Of course this was during the time that I actually believed that I was indeed a crossdresser. Dressing a few times a year did not really qualify.
I was instead looking for a way to cure my gender disphoria.
That feeling that somehow I needed to be female was never really too far from the surface. People who write these stop crossdressing pages are often fetishists who indulge in their fantasies and perhaps take countless pictures in a miriad of outfits.
They are sexually addicted to something and then reach an addiction level which eventually promots them to act and try to go cold turkey. Often these kids started in their mother's closet at or after the age of puberty.
My case was a little different and my disphoria has been with me from earliest memory. My crossdressing manifested itself very early and then went underground once it was discouraged. But after puberty and with signs of embarrassing eroticism, I did my very best to quash everything and bury it under the proverbial carpet.
Do I consider myself a paraphilic or a fetishist as per Ray Blanchard's theory? Absolutely not. Not only do his ideas not speak to my personal experience but I don't subscribe to the notion that toddlers can develop paraphilias. Anne Lawrence can believe what she likes.

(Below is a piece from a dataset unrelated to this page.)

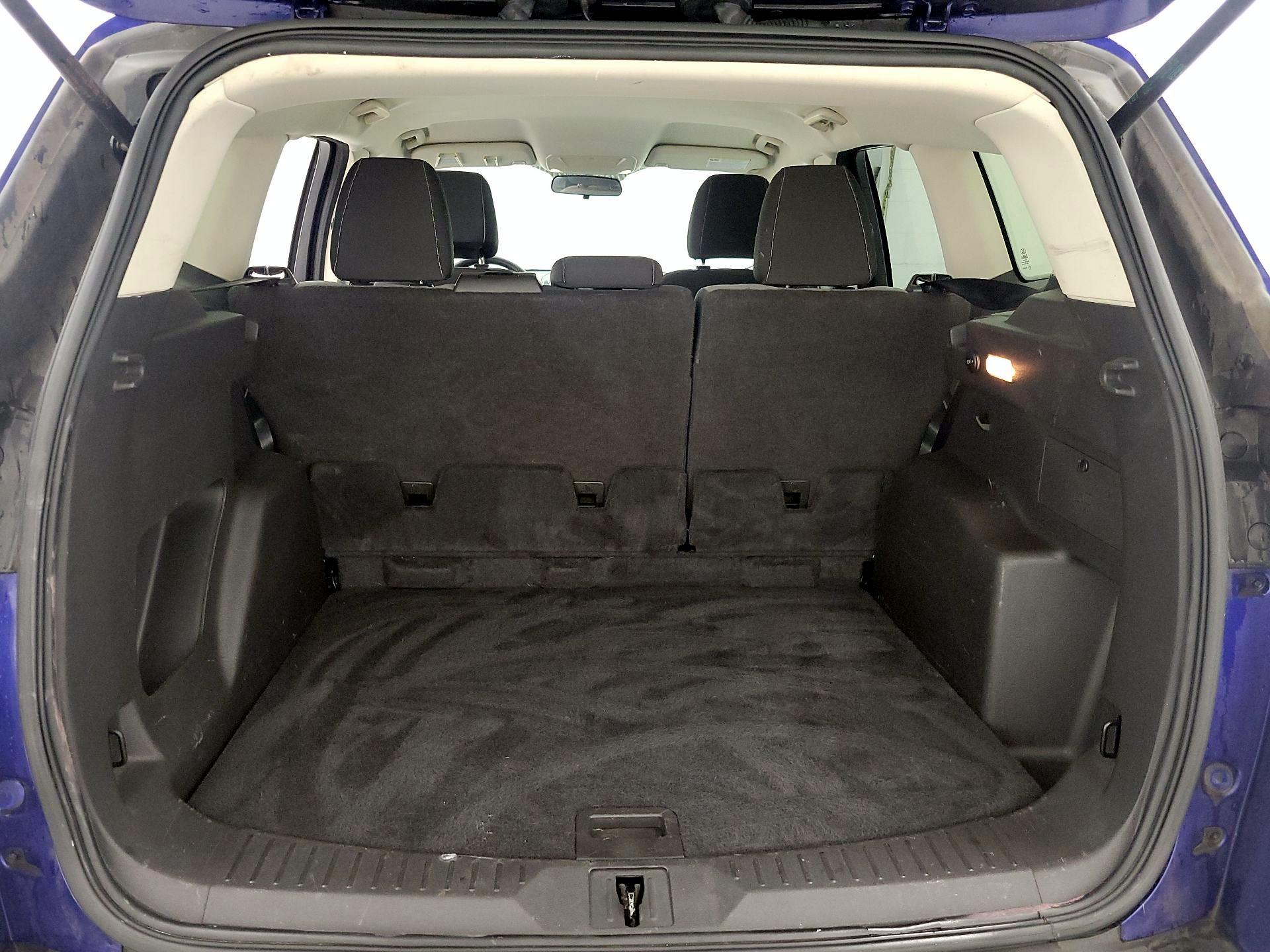 Thumbnail: 2015 Ford Escape - 20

But nonetheless, these websites disturb me because young gender disphorics can easily fall prey to the idea that they can cure their "vice" through suppression when nothing could be further from the truth. There is no known cure for gender disphoria and, speaking as someone who couldn't have tried any harder to eradicate mine, suppression is not a successful management tool as it will lead to depression.
Your failed attempts at suppressing something which, for you,is hard wired and natural will only lead to disappointment and frustration when you fail to defeat it.
It took me decades to understand this and my heart goes out to young kids who are still in search of who they are.